### Requirement
All of the data below is to be output without alteration.

(Stored entries)
BEGIN

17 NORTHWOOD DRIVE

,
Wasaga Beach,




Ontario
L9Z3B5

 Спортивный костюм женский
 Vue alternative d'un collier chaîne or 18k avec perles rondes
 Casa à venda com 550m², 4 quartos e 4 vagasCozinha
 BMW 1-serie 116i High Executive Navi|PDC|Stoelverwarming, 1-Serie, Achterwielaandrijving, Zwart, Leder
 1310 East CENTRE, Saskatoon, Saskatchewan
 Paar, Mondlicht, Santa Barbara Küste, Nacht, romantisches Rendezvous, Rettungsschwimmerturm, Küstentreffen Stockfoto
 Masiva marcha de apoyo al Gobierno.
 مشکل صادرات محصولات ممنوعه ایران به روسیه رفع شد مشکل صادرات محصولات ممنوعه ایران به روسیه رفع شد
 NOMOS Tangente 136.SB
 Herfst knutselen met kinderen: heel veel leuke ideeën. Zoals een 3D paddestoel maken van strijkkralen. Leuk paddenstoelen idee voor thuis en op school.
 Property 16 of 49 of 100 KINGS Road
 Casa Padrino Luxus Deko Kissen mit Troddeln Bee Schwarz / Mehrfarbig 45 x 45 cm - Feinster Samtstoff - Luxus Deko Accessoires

END

### Result of this task
17 NORTHWOOD DRIVE

,
Wasaga Beach,




Ontario
L9Z3B5

 Спортивный костюм женский
 Vue alternative d'un collier chaîne or 18k avec perles rondes
 Casa à venda com 550m², 4 quartos e 4 vagasCozinha
 BMW 1-serie 116i High Executive Navi|PDC|Stoelverwarming, 1-Serie, Achterwielaandrijving, Zwart, Leder
 1310 East CENTRE, Saskatoon, Saskatchewan
 Paar, Mondlicht, Santa Barbara Küste, Nacht, romantisches Rendezvous, Rettungsschwimmerturm, Küstentreffen Stockfoto
 Masiva marcha de apoyo al Gobierno.
 مشکل صادرات محصولات ممنوعه ایران به روسیه رفع شد مشکل صادرات محصولات ممنوعه ایران به روسیه رفع شد
 NOMOS Tangente 136.SB
 Herfst knutselen met kinderen: heel veel leuke ideeën. Zoals een 3D paddestoel maken van strijkkralen. Leuk paddenstoelen idee voor thuis en op school.
 Property 16 of 49 of 100 KINGS Road
 Casa Padrino Luxus Deko Kissen mit Troddeln Bee Schwarz / Mehrfarbig 45 x 45 cm - Feinster Samtstoff - Luxus Deko Accessoires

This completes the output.